Brazil’s pitahaya sector, with mostly domestic consumption and limited exports to Canada, is busy ramping up its production to meet growing local demand before reaching more overseas markets. In this month of May the local season ends with 30% more production than the previous season.
Ricardo Martins, an agronomist at Ipagri, confirms: “We estimate about 3,000 hectares of pitahaya in Brazil, with production more concentrated in the south of the country. A small part of the production is exported mainly to Canada. Season December begins in.” and ends in May. Production in southern Brazil has been 30% higher than the previous year, with nearly 3,000 tons.
Ipagri is a state company that is part of the Agricultural Research and Rural Extension Company of Southern Brazil. Martins is an expert in pitahaya cultivation and is responsible for providing supervision and technical support to pitahaya growers in southern Brazil, serving more than 150 plantations in the region. His areas of work are sustainable agriculture, tropical soil management, biological control and organic farming.
Ricardo Martins (centre) with local Brazilian producers.
Commercial cultivation of dragon fruit in Santa Catarina began in 2010 with the Feltrin family from Turovo/SC. According to Martins, the main objective was to transform the areas of tobacco production and diversify the activities of the small rural estate, adding to the farmer’s income and quality of life.
“Our production is well organized in cooperatives, where we allocate most of the production for local consumption. A challenge we have is the organization of the small grower, the search for export markets and the popularity of the fruit in the country, as it is still an exotic fruit. More than 500 families work in this activity. Most are small farmers with commercial sales in the domestic market. Plantation is carried out according to a sustainable model with the use of pinto peanuts in southern Brazil (Archis Pinted) as a permanent ground cover. We use various organic farming strategies, such as organic fertilizers, use of Trichoderma, biological control of pests and diseases, and minimal use of pesticides,” explains Martins.

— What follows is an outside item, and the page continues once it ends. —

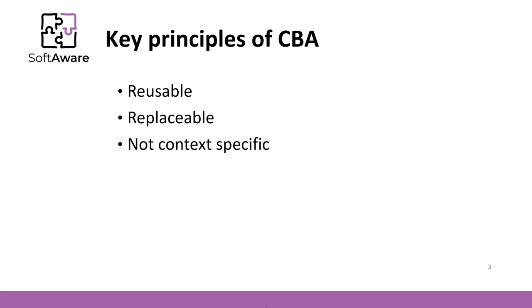Not context specific. Components are designed to operate in different environments and contexts. Specific information, such as state data, should be passed to the component instead of being included in or accessed by the component.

He is also working on the development of new varieties of pitahaya suited to local conditions. “The company has developed new varieties that do not require labor for pollination, mainly including white-fleshed and red-skinned varieties. We may be able to sell these new varieties to other countries, But for now they are only available in Brazil. Also we maintain a good collaboration with Embrapa (a Brazilian agricultural research company) for the development of new varieties of pitahaya,” he says.

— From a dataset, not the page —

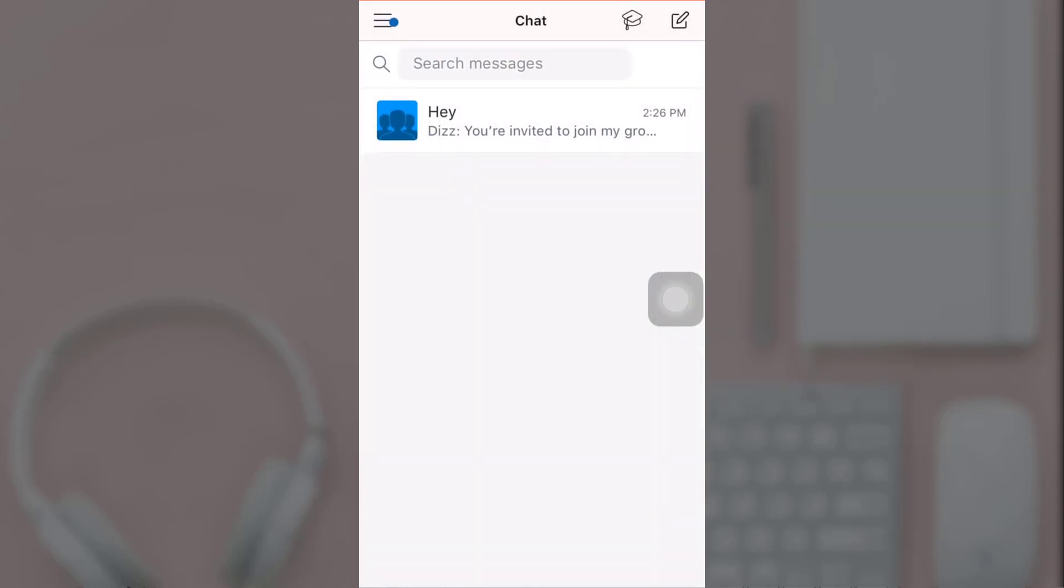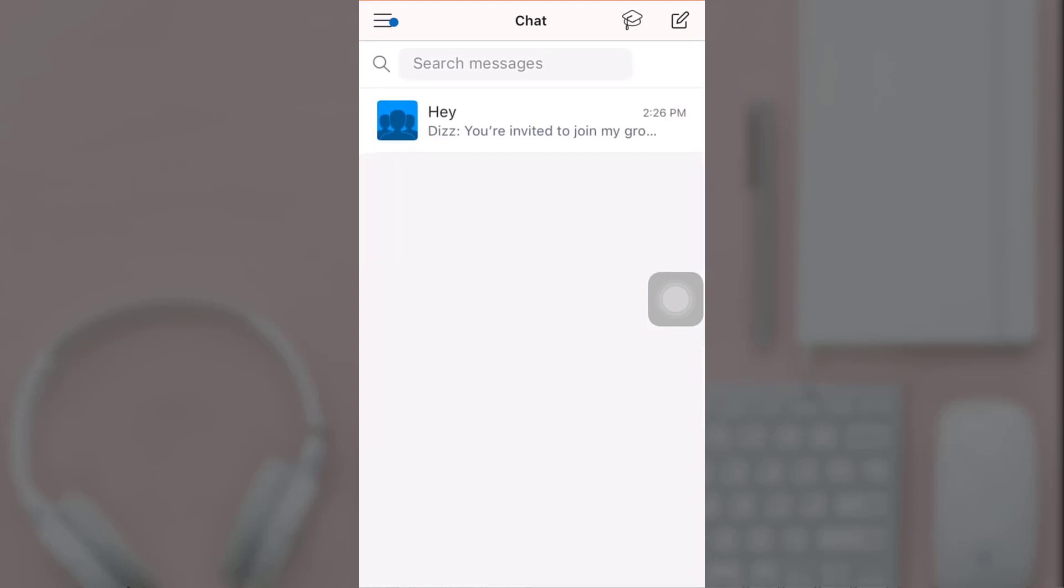This way you can easily leave chat on GroupMe. Thanks for watching. If you like the video, please hit the like button. If you want more tutorial videos, hit the subscribe button. And if you have something to say, please leave a comment.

Ricardo Martins (left) with a local Brazilian producer.
Ipagri published a book on pitahaya cultivation last year, which includes key technical information on the crop. “We have disseminated technical material for pitahaya production. Our work is focused on family farmers in the state of Santa Catarina in southern Brazil. We collaborate in research and extension with other South American countries. In Brazil and South America it is currently is also a new crop. , with the exception of Ecuador, which is the largest producer and exporter of pitahaya in South America, where they have been cultivating it for a long time,” says Martins.
As they continue to teach and work to improve smallholder farmers’ pitahaya cultivation, the Martins believe they will grow to reach many more export markets over the next five years. “We plan to expand production in southern Brazil with more than 500 hectares in the coming years. In the country, production is also expected to exceed 5,000 hectares in the coming years,” concluded the expert.